"Right now we have 720 people for the security of Kandahar city, and only 80 to 90 uniforms," he said. "We need them all in uniform as soon as possible to bring peace and security to Kandahar city."
Akram said that in the last three days, his security forces had confiscated 3,000 weapons and dismantled 120 illegal checkpoints. They also secured the compounds of foreign nongovernmental organizations that had been occupied and looted by Taliban and Al Qaeda fighters before they fled the city. "Those organizations can come back and start work again as soon as possible," he said. "We invite them and guarantee 100% no one will touch them. We need these organizations very badly, and we want them to come back and begin work."

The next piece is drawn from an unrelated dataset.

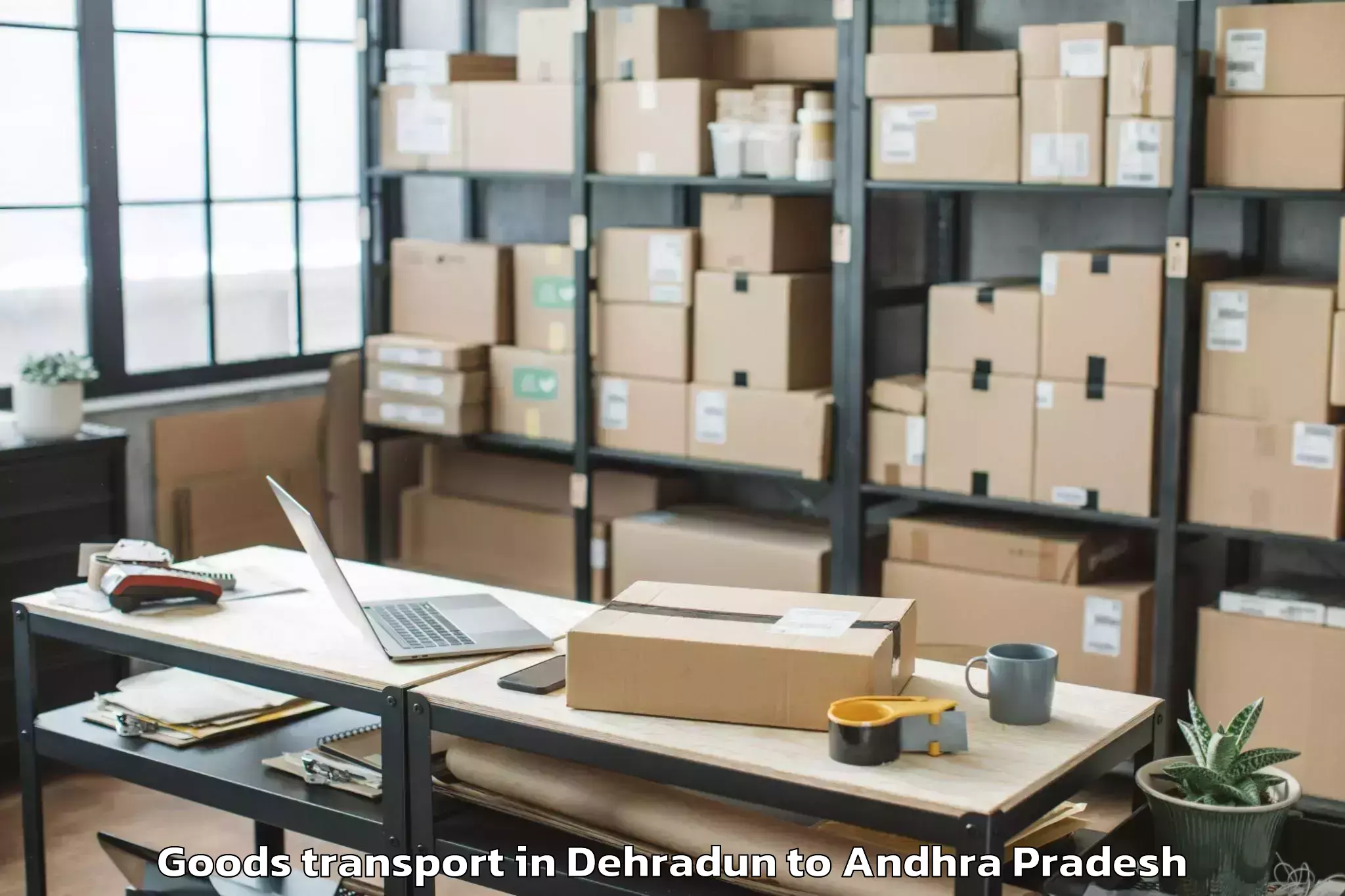 Quality Dehradun to Cherukupalle Arumbaka Goods Transport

But taking weapons away from the civilian population may be harder than it sounds. After two decades of civil war, nearly everyone has firearms, and hardly anyone can think of a good reason to give them up.
In the district of Sarpoza Dorahi, a group of men sat lazily on the ground in front of a shop, all of them cradling weapons.
They seemed surprised that anyone would talk of taking them away. "This order is due to foreign people interfering," said one of the men, Akdar Moha.
"For 25 years we distributed a lot of weapons to the population. I don't think this order to remove them will be acceptable to everyone. I will keep this gun, for the sake of Islam. If Islam comes to my country in peace, only then will I give it away."